Start of Input data

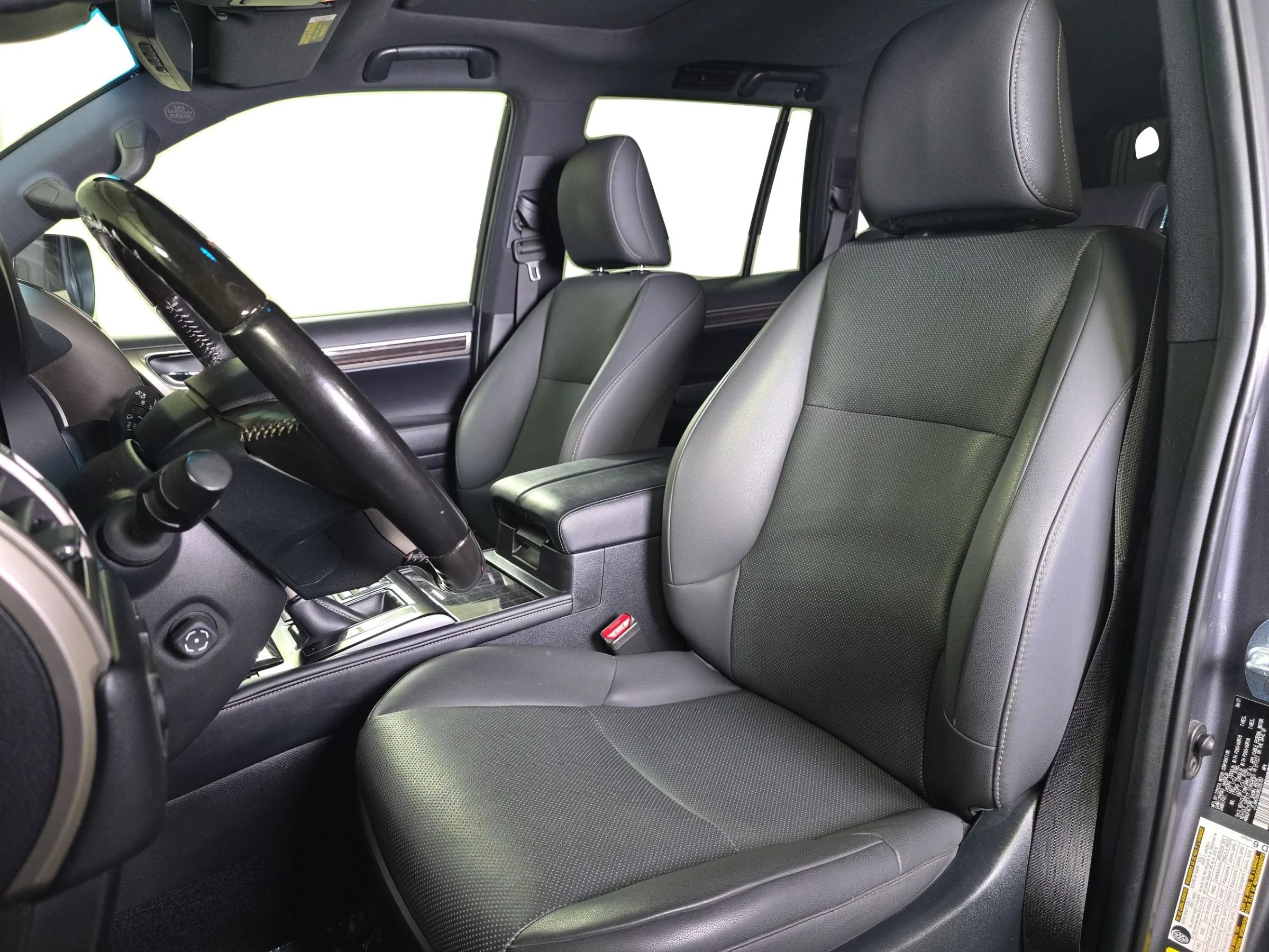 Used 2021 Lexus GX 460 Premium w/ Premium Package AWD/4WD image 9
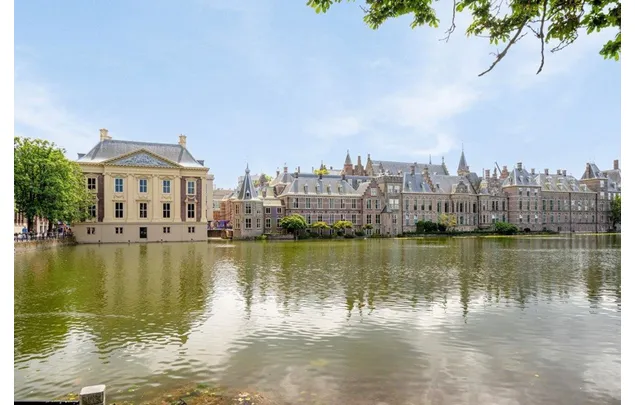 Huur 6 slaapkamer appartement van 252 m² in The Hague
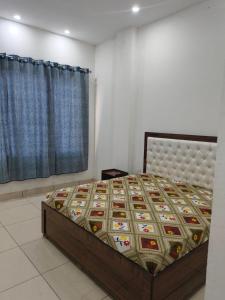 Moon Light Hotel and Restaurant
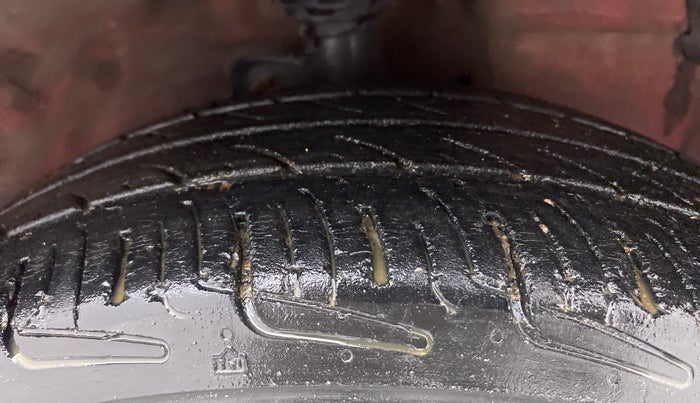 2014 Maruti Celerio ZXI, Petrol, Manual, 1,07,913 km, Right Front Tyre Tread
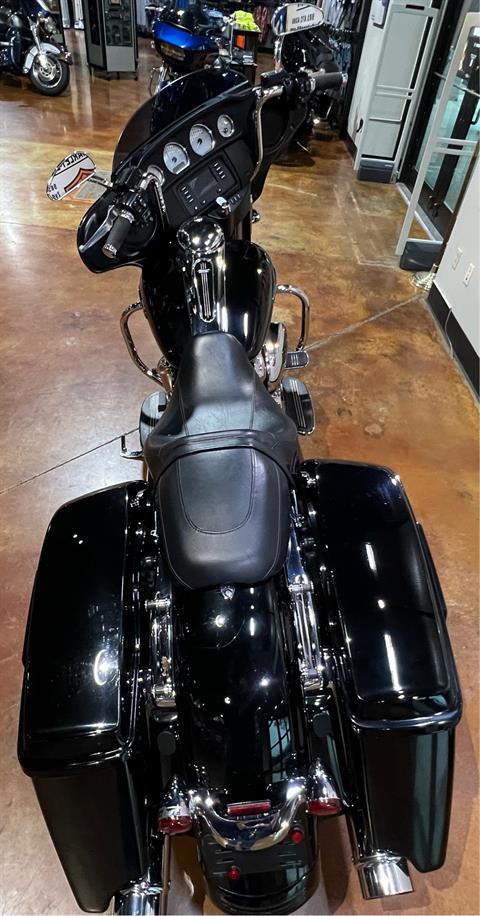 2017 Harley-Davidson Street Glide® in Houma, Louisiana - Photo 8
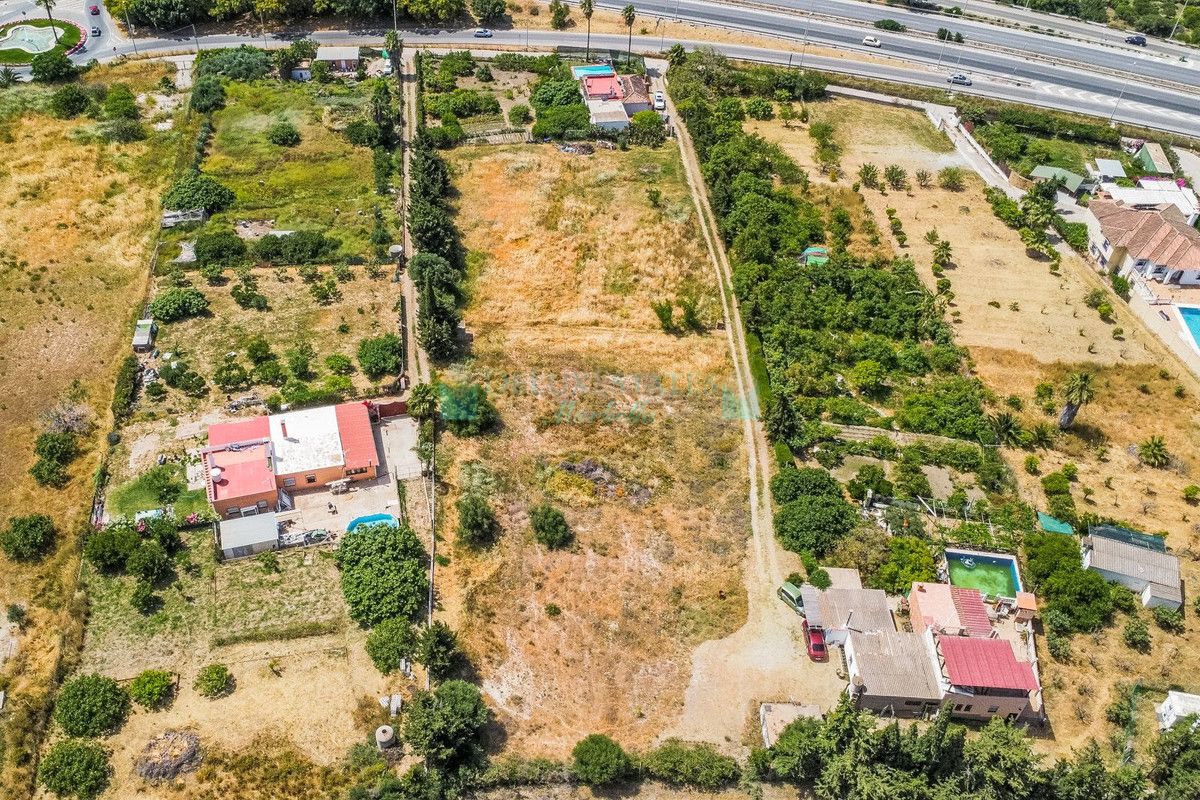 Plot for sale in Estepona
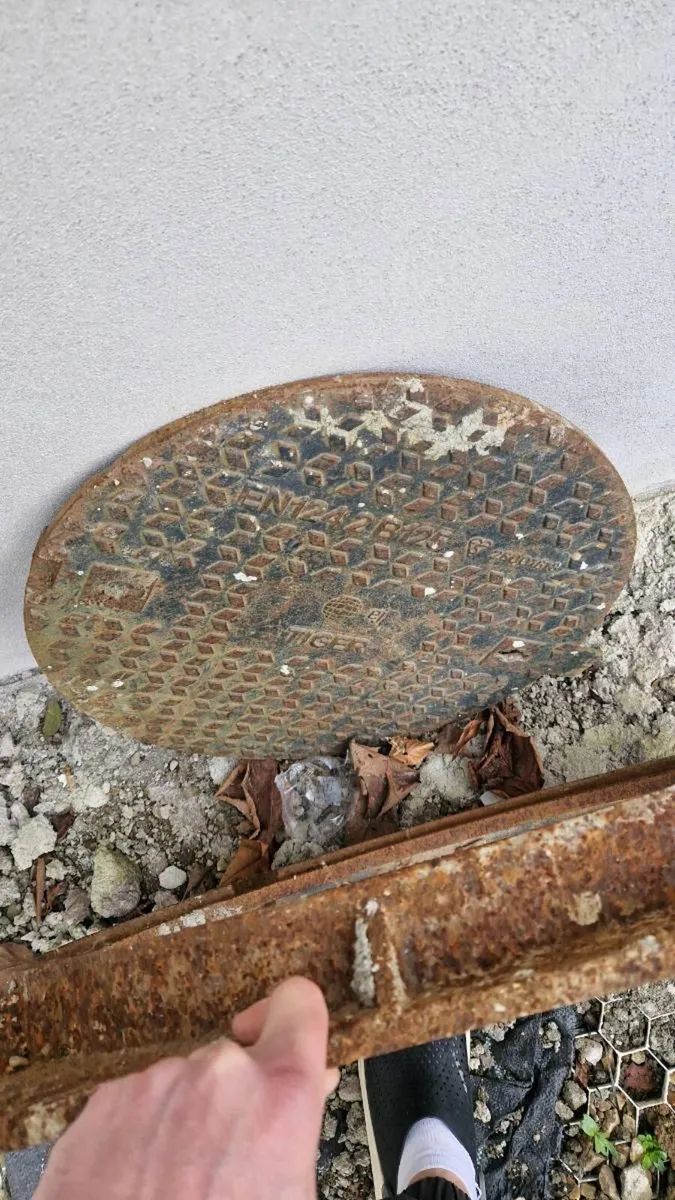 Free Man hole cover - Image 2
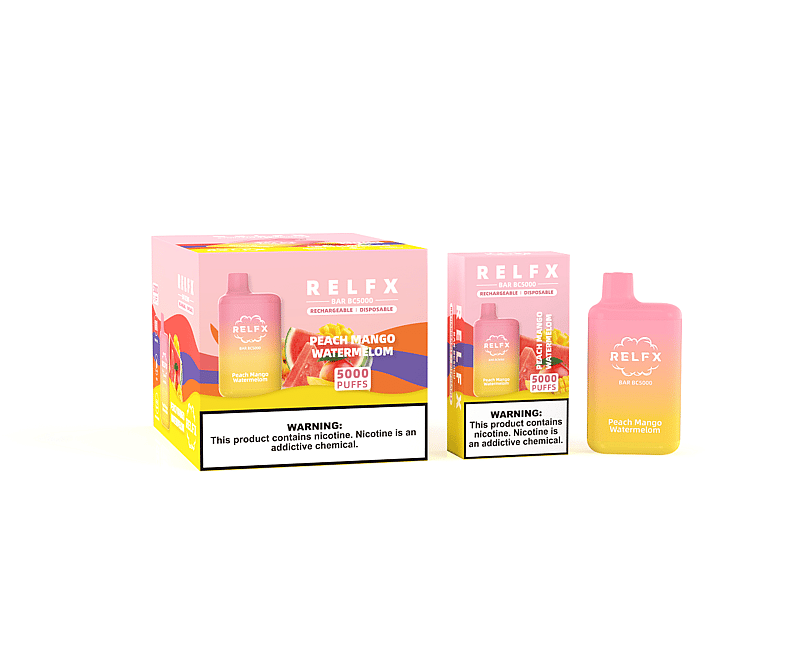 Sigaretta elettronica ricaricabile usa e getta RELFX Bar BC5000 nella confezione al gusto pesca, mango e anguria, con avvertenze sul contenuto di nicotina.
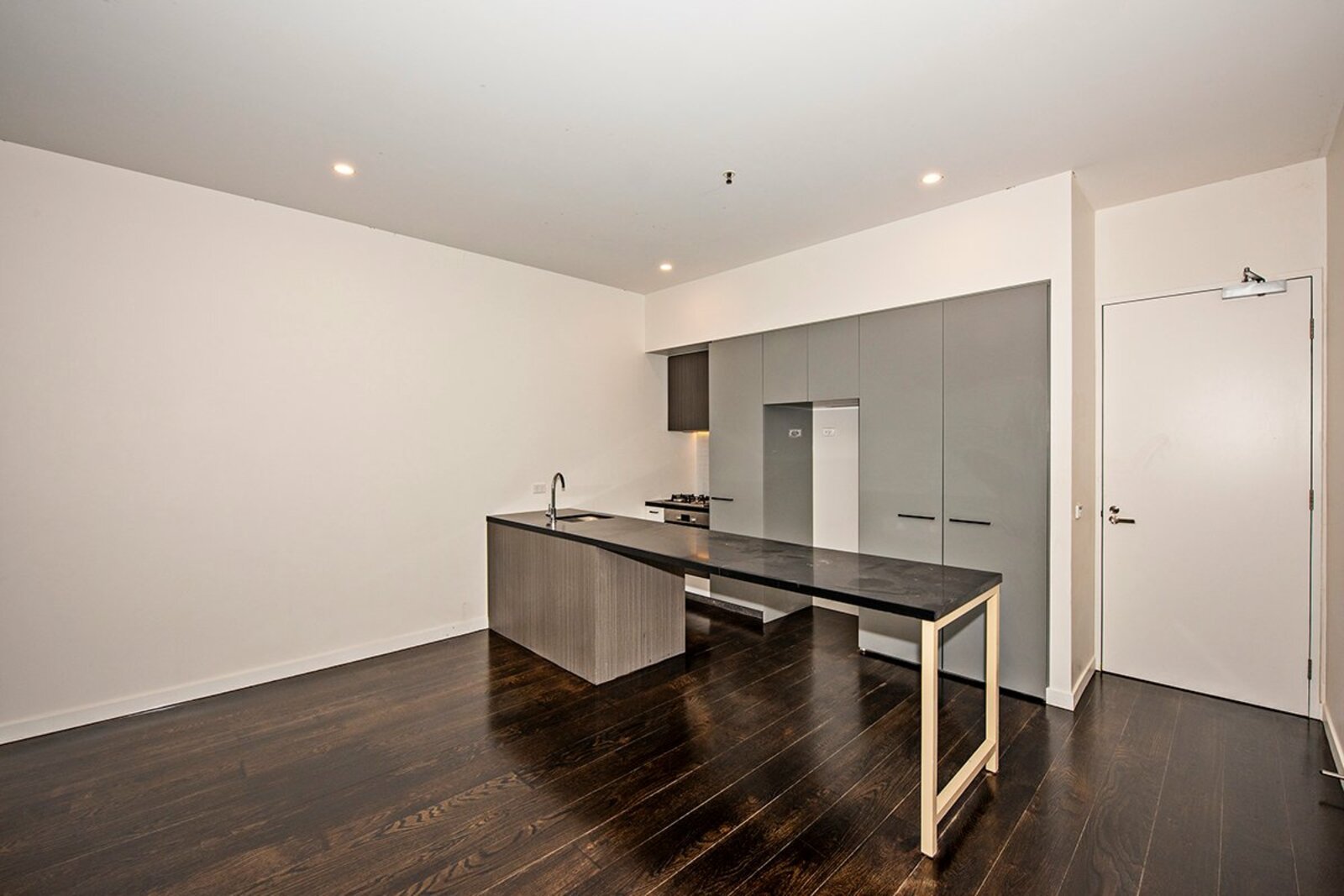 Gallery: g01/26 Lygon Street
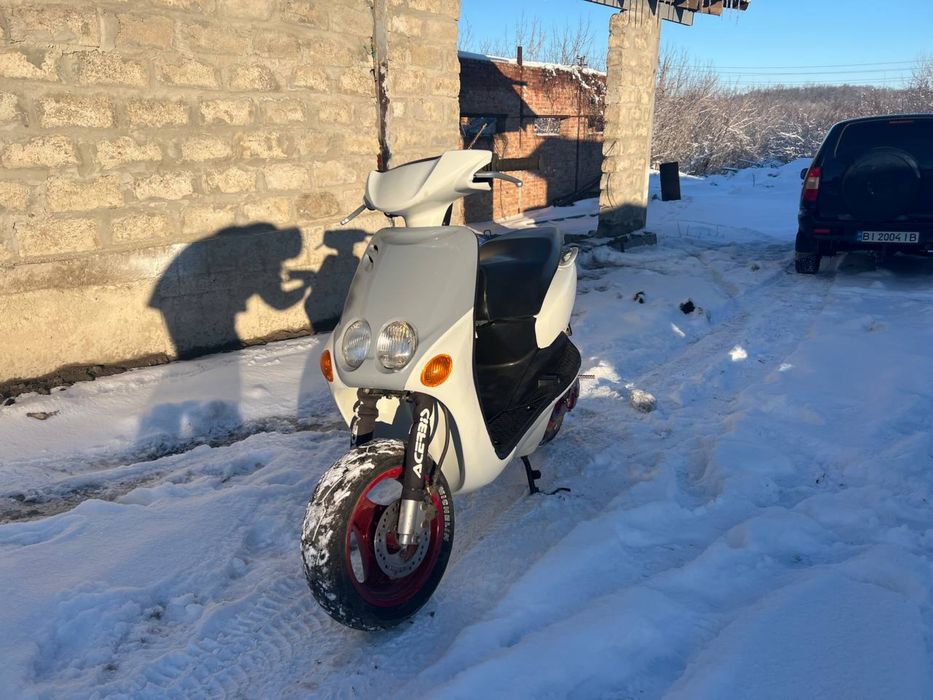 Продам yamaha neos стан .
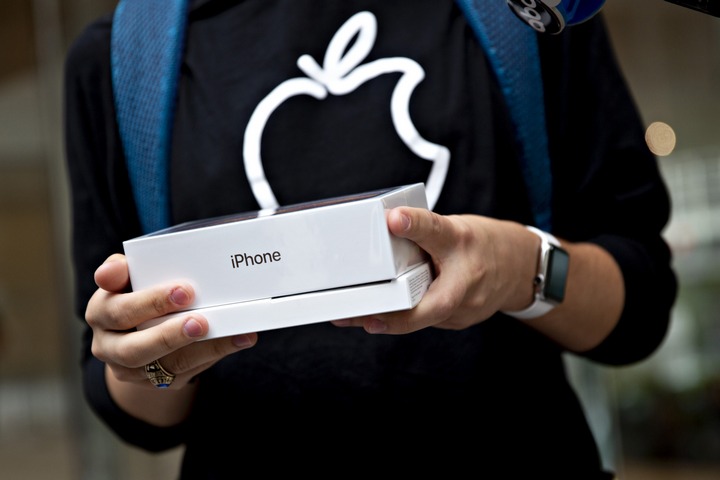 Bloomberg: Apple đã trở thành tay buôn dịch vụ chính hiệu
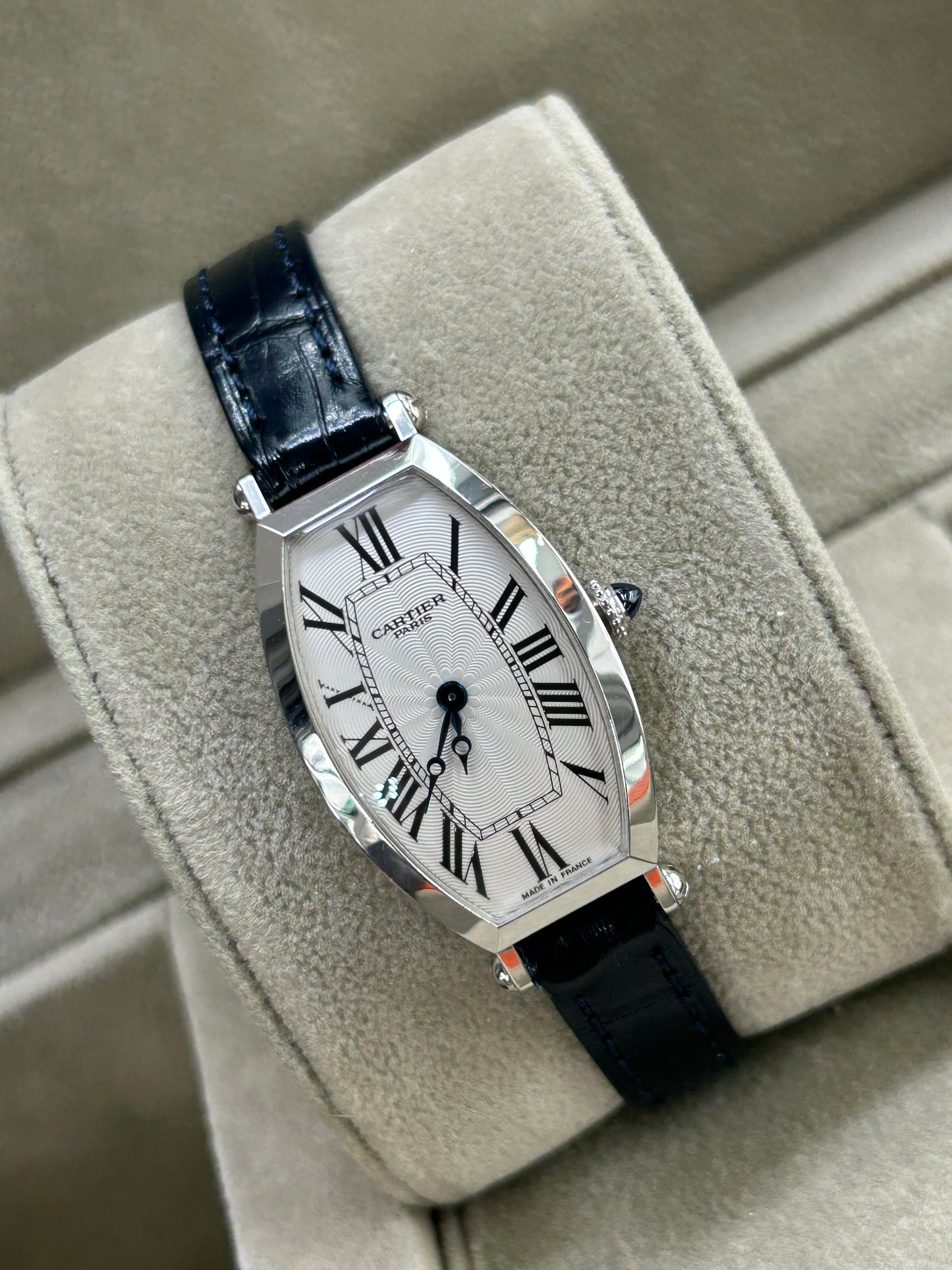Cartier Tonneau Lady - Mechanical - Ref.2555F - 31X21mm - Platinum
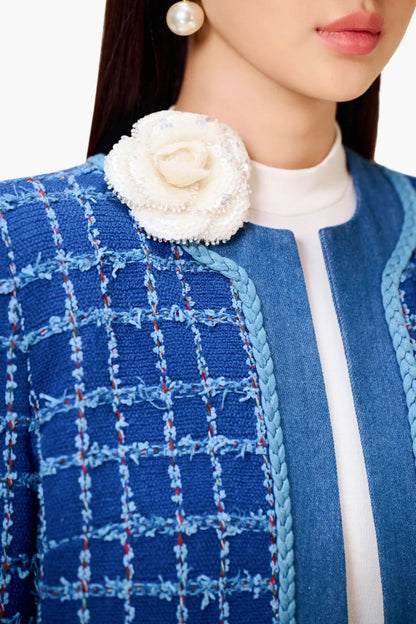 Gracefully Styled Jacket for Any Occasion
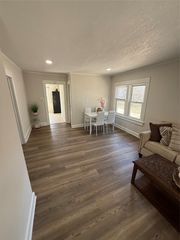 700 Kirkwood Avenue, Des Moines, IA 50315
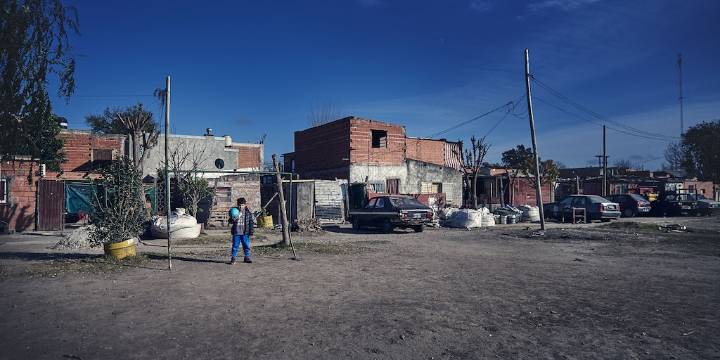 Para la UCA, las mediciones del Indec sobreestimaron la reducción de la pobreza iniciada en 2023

End of Input data

Please retype only the lines from the line that holds "Plot for sale in Estepona" through the end of the records, exactly as they stand, and drop every picture.

Exercise output ▸
 Plot for sale in Estepona
 Free Man hole cover - Image 2
 Sigaretta elettronica ricaricabile usa e getta RELFX Bar BC5000 nella confezione al gusto pesca, mango e anguria, con avvertenze sul contenuto di nicotina.
 Gallery: g01/26 Lygon Street
 Продам yamaha neos стан .
 Bloomberg: Apple đã trở thành tay buôn dịch vụ chính hiệu
Cartier Tonneau Lady - Mechanical - Ref.2555F - 31X21mm - Platinum
 Gracefully Styled Jacket for Any Occasion
 700 Kirkwood Avenue, Des Moines, IA 50315
 Para la UCA, las mediciones del Indec sobreestimaron la reducción de la pobreza iniciada en 2023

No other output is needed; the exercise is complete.